• **Task goal**
Would you transcribe only the lines from the one holding "KOTEK 10 x 10" through the end of the material, exactly, without any pictures?

• **Excerpted records**

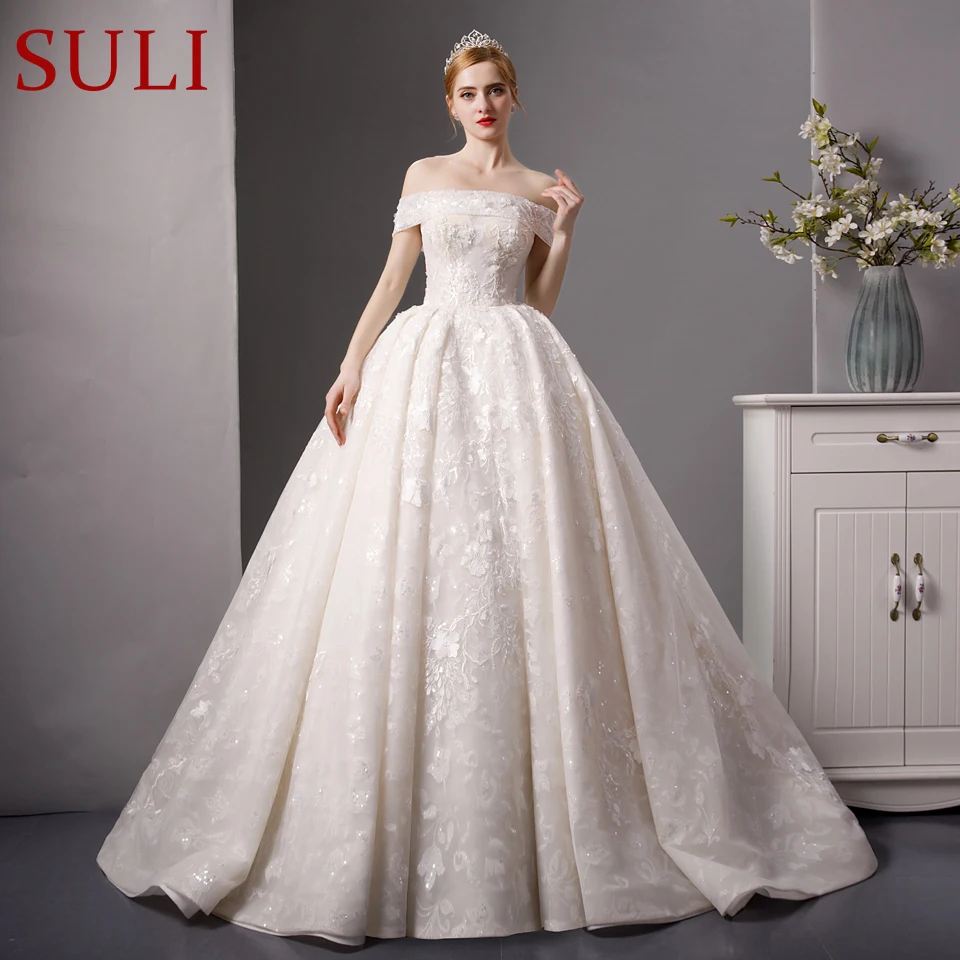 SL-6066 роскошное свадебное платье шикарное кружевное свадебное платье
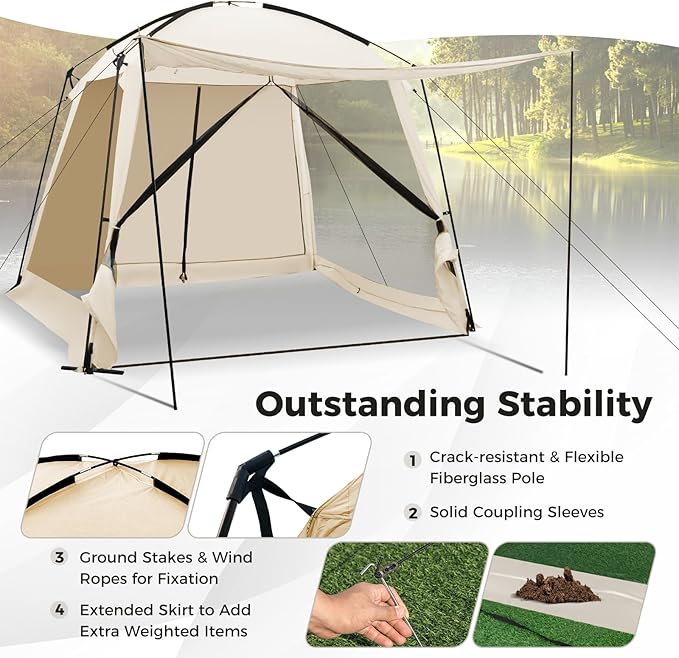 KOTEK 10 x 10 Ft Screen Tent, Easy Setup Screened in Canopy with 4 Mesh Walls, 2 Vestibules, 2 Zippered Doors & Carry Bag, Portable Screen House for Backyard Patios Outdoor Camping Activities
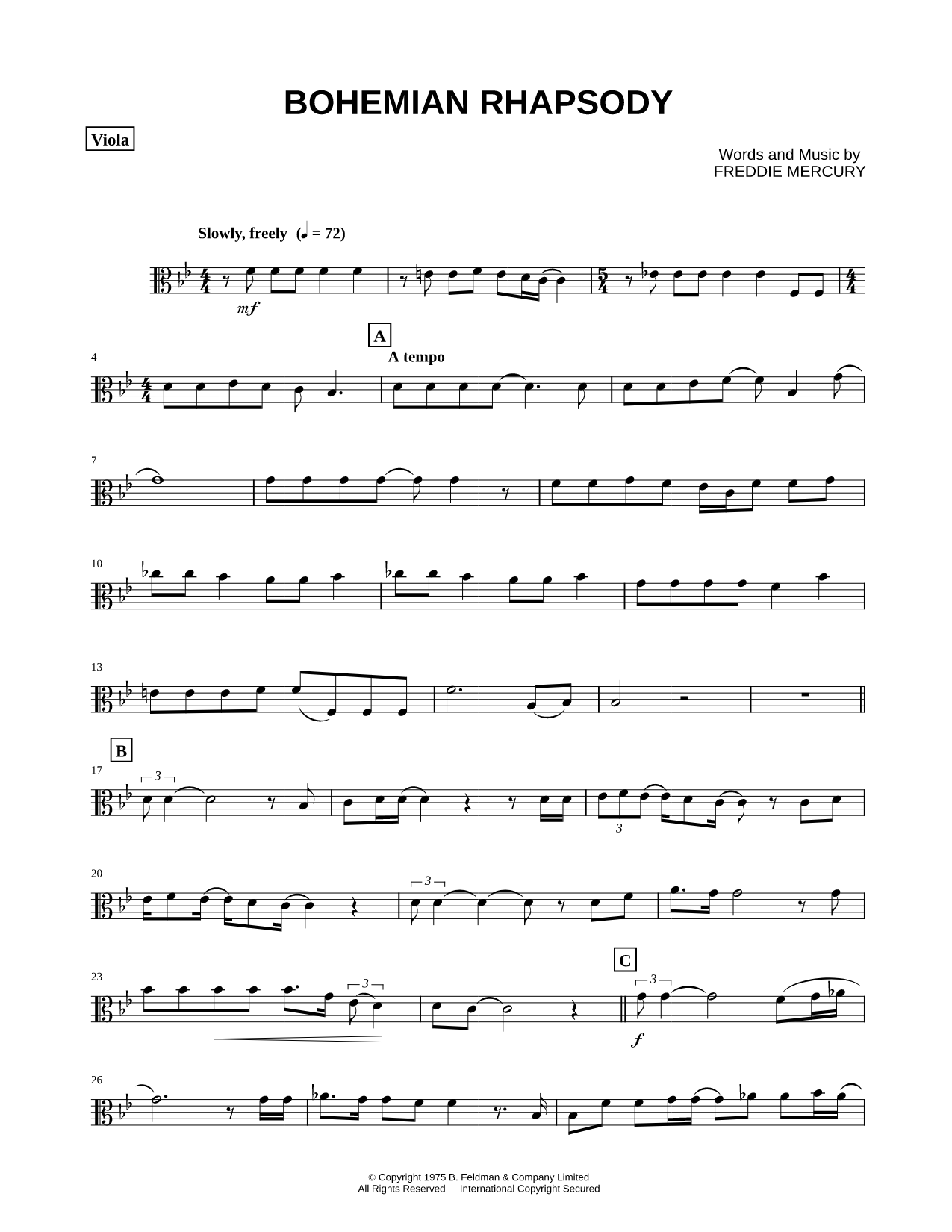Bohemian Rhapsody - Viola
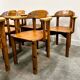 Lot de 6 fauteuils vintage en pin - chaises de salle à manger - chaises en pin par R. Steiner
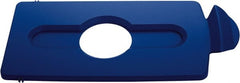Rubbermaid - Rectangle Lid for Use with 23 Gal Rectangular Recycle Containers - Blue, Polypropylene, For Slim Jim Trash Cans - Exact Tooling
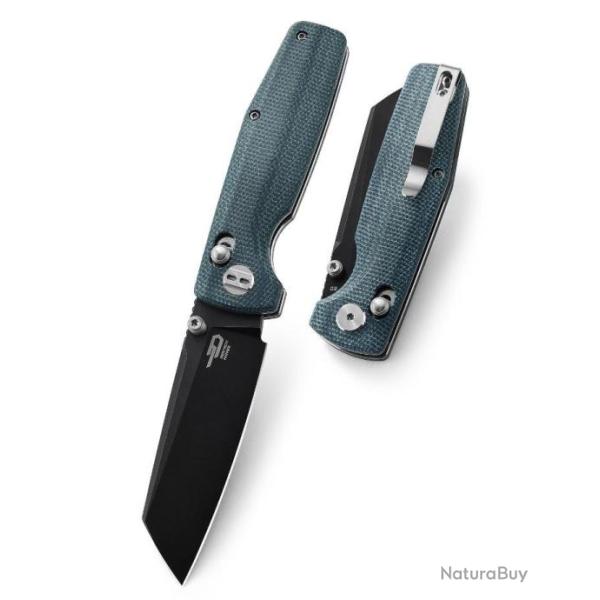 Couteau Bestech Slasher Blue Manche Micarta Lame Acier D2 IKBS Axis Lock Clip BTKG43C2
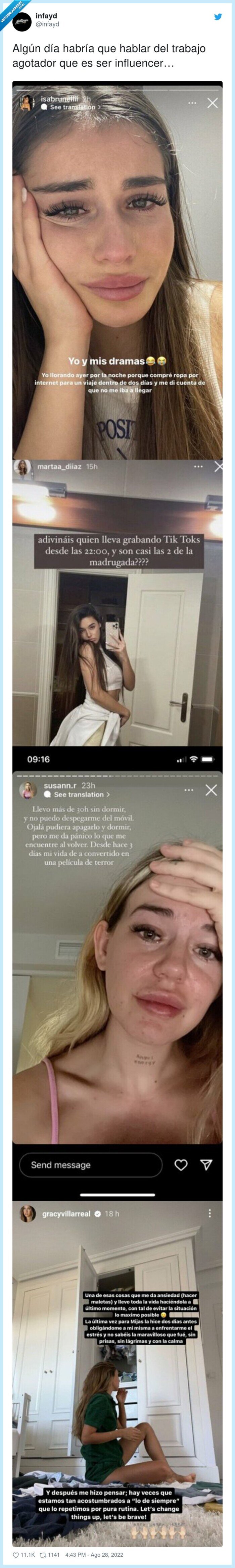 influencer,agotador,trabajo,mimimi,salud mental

• **Solved problem**
 KOTEK 10 x 10 Ft Screen Tent, Easy Setup Screened in Canopy with 4 Mesh Walls, 2 Vestibules, 2 Zippered Doors & Carry Bag, Portable Screen House for Backyard Patios Outdoor Camping Activities
Bohemian Rhapsody - Viola
 Lot de 6 fauteuils vintage en pin - chaises de salle à manger - chaises en pin par R. Steiner
Rubbermaid - Rectangle Lid for Use with 23 Gal Rectangular Recycle Containers - Blue, Polypropylene, For Slim Jim Trash Cans - Exact Tooling
 Couteau Bestech Slasher Blue Manche Micarta Lame Acier D2 IKBS Axis Lock Clip BTKG43C2
 influencer,agotador,trabajo,mimimi,salud mental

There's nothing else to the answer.